### Exercise goal
The records are set out below this line. Return exactly the lines from the one containing "Load image into" through the last, and exclude the pictures.

(Short descriptive text snippets)
§

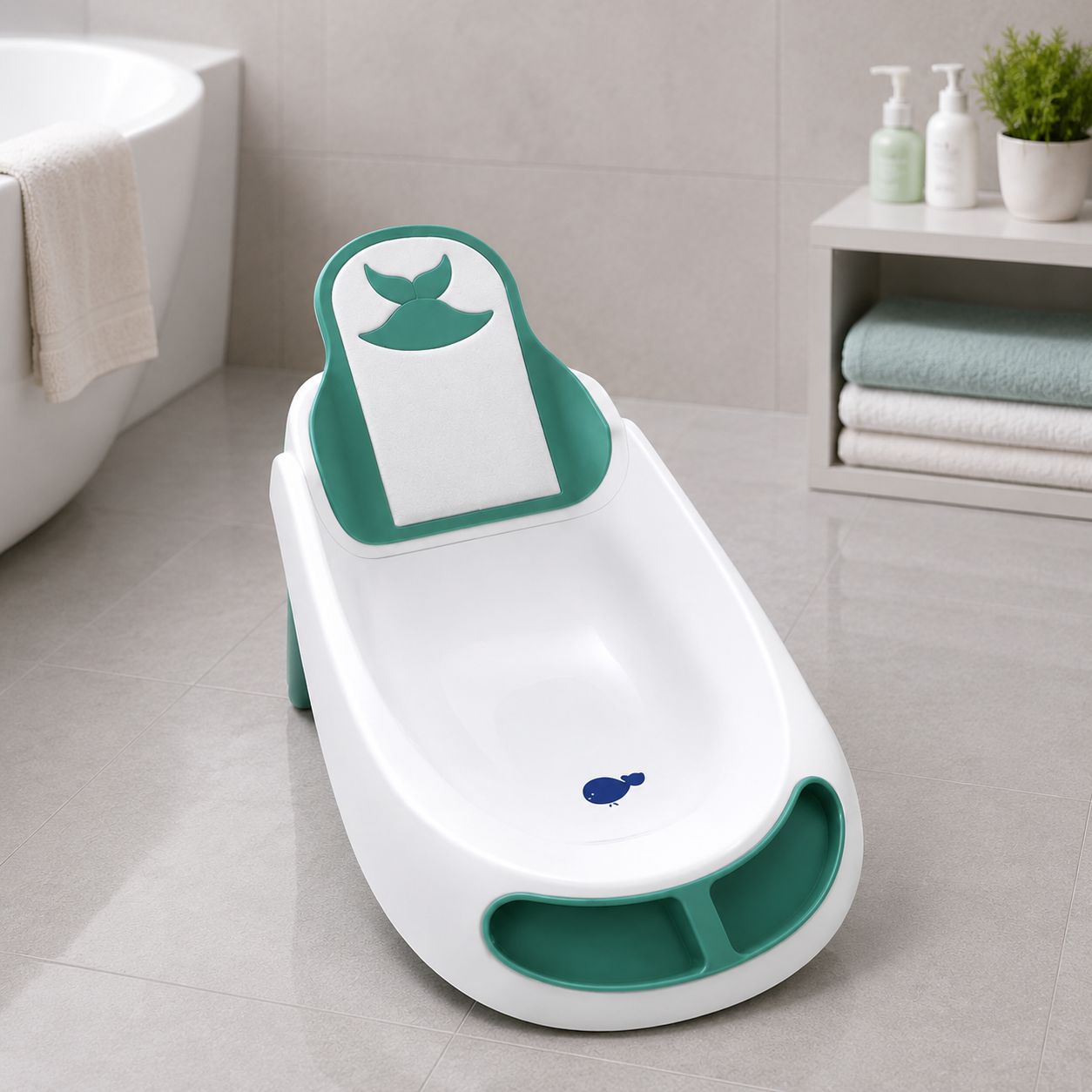 BABY BATH TUB WITH CUSHION SUPPORT - GREEN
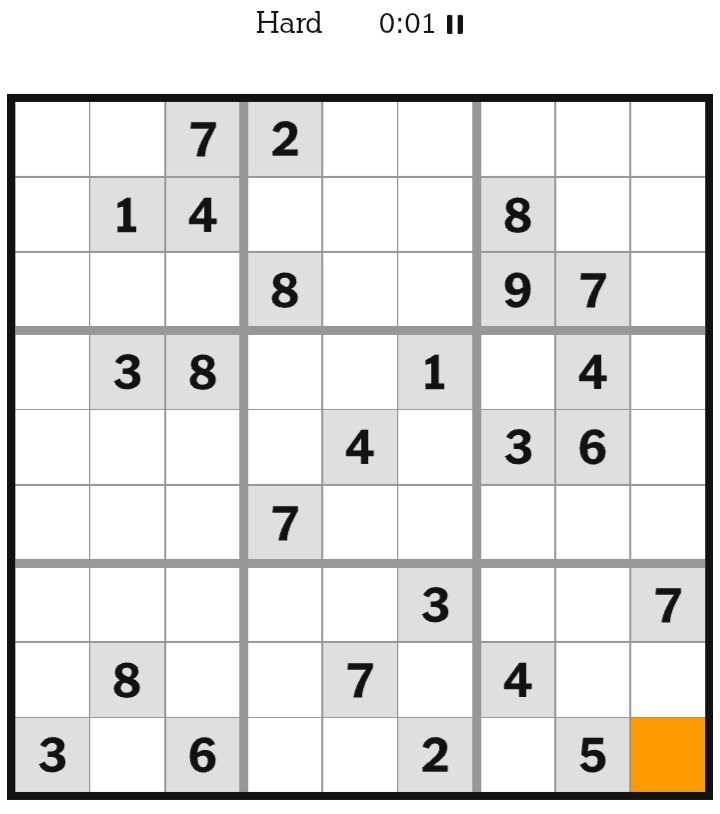 NYT Sudoku Hard March 01, 2026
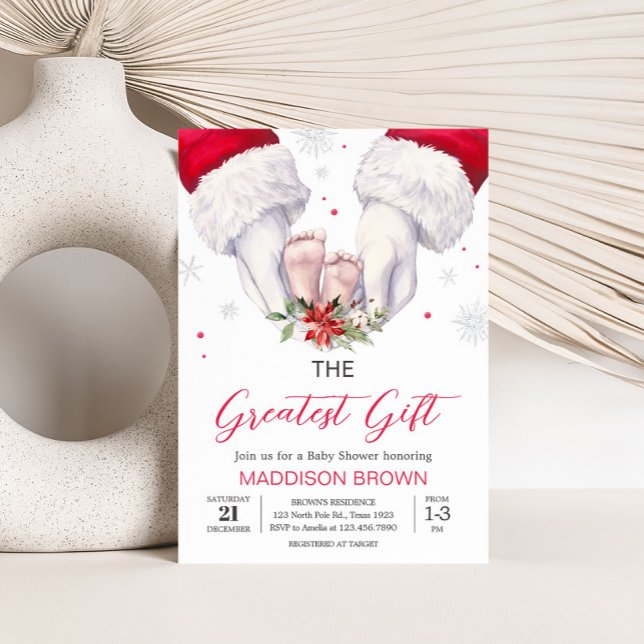 Invitación Navidades Greatest Gift Baby Shower (Santa Christmas Greatest Gift Baby Shower Invitation
)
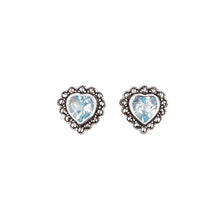 Load image into Gallery viewer, Jessica: Art Deco Heart Stud Earrings in Blue Topaz, Marcasite and Sterling Silver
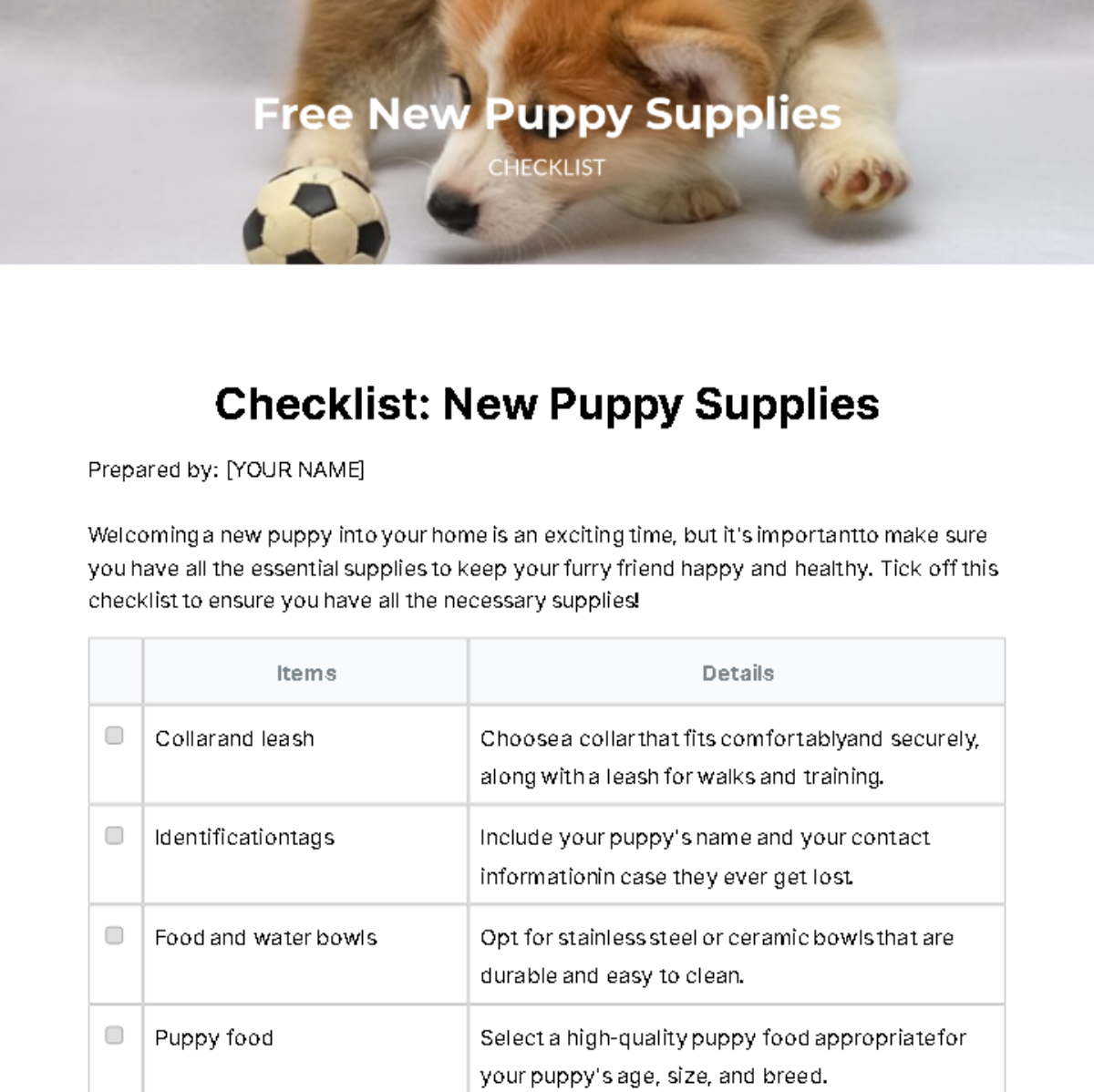 New Puppy Supplies Checklist Template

§

### Result for this exercise
 Load image into Gallery viewer, Jessica: Art Deco Heart Stud Earrings in Blue Topaz, Marcasite and Sterling Silver
 New Puppy Supplies Checklist Template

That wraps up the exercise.